Attention Deficit NETWORKING Disorder (ADND)
April 27, 2009
Thank you for your off-line comments and encouragement. But I really want to know what you want me to blog about. I put up the poll to get your input, but not very many vote --so I will blog about what I am thinking about until the vote count grows or a better alternative is suggested. So, please post your comments on how I can engage your ideas! Thanks. JK
Normally, we do not so much look at things as overlook them. — Alan Watts.
BLOG Roll Call! I am going to call out your name to see if you are here with me. Ready? Are you with me? Present? Our hyper-busy, multi-tasking lifestyle is creating a bunch of bad habits that detract from our ability to connect with others. On one hand we have never been as connected to one another, but our tendencies is to have quick exchanges IM, SMS, text, twitter, facebook, etc are now the dominant forms of communication. Love the innovation, the serendipity, the new possibilities that are emerging. One of the unintended victims is our attention. Our ability to be present in a moment that has many distractions. Like many things we begin to get into micro-routines of behavior and we can miss the context, the environment, the unexpected, cues of communication, and opportunities.
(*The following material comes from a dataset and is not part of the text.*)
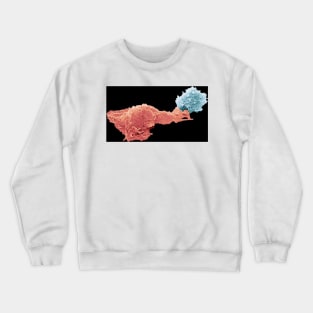 Antigen presentation, SEM (C024/3640) Crewneck Sweatshirt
While we get focused the world is evolving, our worlds. Watch this video to see if you are paying attention. Three points I want to make:
- The Power of NOW: We avoid the present by thinking about what could have been and what could be. The past gives us identity and the future opportunity. But if that's what we focus on we get stuck in the past or the future--and miss the now. The Eckart Tolle tells us there was never a time that was not NOW. "To meet everything and everyone through stillness instead of mental noise is the greatest gift."Eckhart Tolle
- Multi-tasking Myopia: Our lives are a series of transactions coming one after the other. Like an assembly line worker, we focus on the incoming work, tasks, and connections. But life is going on around us. You may miss an extraordinary sunset, your kid's moment of need, or an opportunity to connect. We miss the bigger picture and/or do not hear and see what is really being said because we are distracted. Check out Derren Brown's experiments in attention in London. We hardly notice people we talk to!
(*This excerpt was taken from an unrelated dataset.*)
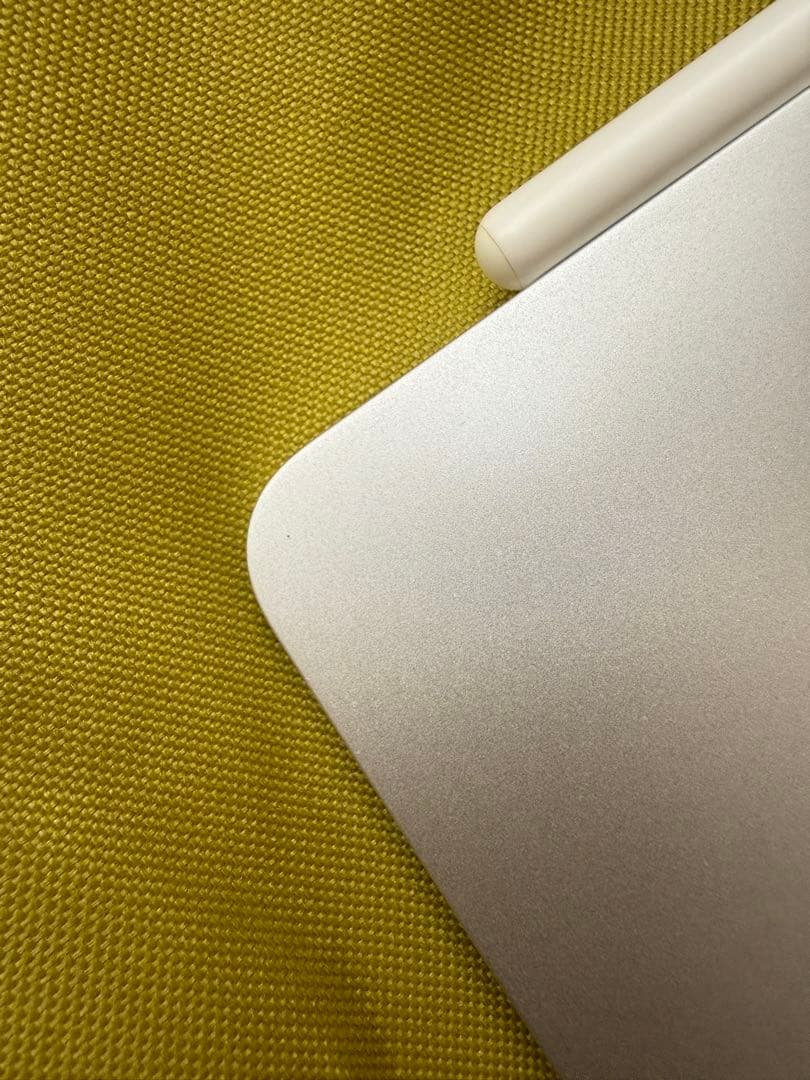 I PAD PRO 第2世代 11インチ + Apple Pencil 第2世代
- Put the Device Down!: Robotically we have acquired this new tic, this nervous gesture of looking at our devices often for no reason. Like someone who looks at their watch every 15 seconds, as if they forgot the time from 15 seconds ago. Others of us not only look at our device, but start responding when we are with others, in a movie theatre, or in mid-sentence when we are talking to someone else. The impression is something else or someone else is way more important than the present. The only way to achieve the above goals is an increasing awareness of the cyber leash.
"I am so into you.....type type type..........."
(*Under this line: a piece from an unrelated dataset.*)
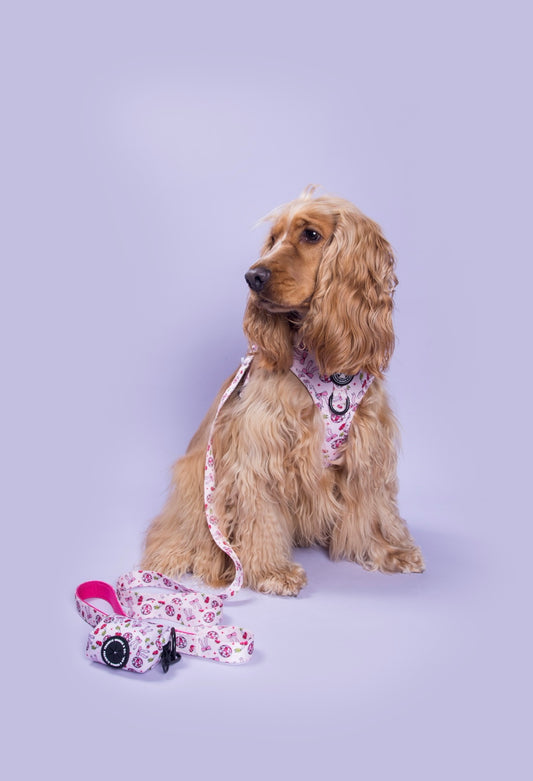 Cherry Disco Leash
Believe me, I am as distracted or pre-occupied with the past and the future as any of us. I struggle with staying present--by being in that moment and giving the things and people the attention they deserve. It has been my growing awareness that has saved me and gives me a chance to be present. Most times
I know when I am not present and I can re-focus. When I was a time when I had no ideaI remember when I was a young young corporate VP feeling and acting "very important". I stopped by the receptionist of one of our operations to announce my arrival. The receptionist, who I had seen dozens of times looked up at me and said, "Do you even know who I am? You seem so busy that I guess I am irrelevant." Wiser than her years, I was shocked into focus and I saw her for the first time. I apologized to her and confessed my lack of attention. Since then, I try not to be like that--that rude and insensitive.
I have a young mentee who asked me the other day, "To what do you attribute the opportunities you have been presented?" I said, "I was lucky I was paying attention. I have learned that there are opportunities all around us. And people who crave and need our attention. But do we see them?"
Let's holster our devices--at least a few times during the day, refocus, feel and see the NOW, and your world will expand before your eyes.